Your objective: The data below holds a line containing "Imagem: A casa" and a line containing "2486 E 54th Street, Tulsa, OK 74105"; please quote exactly those two lines and every line between them, and nothing else.

Records from a data source
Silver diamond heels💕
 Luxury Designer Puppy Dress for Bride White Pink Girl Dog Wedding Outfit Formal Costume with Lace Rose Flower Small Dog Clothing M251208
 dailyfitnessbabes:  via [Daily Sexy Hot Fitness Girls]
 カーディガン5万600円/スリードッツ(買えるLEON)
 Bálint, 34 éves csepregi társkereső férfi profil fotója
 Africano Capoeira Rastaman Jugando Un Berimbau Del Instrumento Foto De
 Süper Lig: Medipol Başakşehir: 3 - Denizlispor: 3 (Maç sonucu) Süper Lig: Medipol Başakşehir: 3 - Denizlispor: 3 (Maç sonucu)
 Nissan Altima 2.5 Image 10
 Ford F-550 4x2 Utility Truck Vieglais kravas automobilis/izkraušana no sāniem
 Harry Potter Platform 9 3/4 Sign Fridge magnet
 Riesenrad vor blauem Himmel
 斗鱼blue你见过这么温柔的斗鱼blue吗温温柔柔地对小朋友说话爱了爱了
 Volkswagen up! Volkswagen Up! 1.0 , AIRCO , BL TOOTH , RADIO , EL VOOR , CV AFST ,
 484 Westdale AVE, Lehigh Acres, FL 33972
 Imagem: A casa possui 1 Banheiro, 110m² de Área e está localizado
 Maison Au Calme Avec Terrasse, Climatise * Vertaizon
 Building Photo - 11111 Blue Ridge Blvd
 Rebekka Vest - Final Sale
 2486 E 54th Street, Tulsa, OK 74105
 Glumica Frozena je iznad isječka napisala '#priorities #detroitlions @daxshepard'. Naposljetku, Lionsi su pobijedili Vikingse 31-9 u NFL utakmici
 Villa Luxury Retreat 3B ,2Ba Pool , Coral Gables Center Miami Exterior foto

Answer area:
 Imagem: A casa possui 1 Banheiro, 110m² de Área e está localizado
 Maison Au Calme Avec Terrasse, Climatise * Vertaizon
 Building Photo - 11111 Blue Ridge Blvd
 Rebekka Vest - Final Sale
 2486 E 54th Street, Tulsa, OK 74105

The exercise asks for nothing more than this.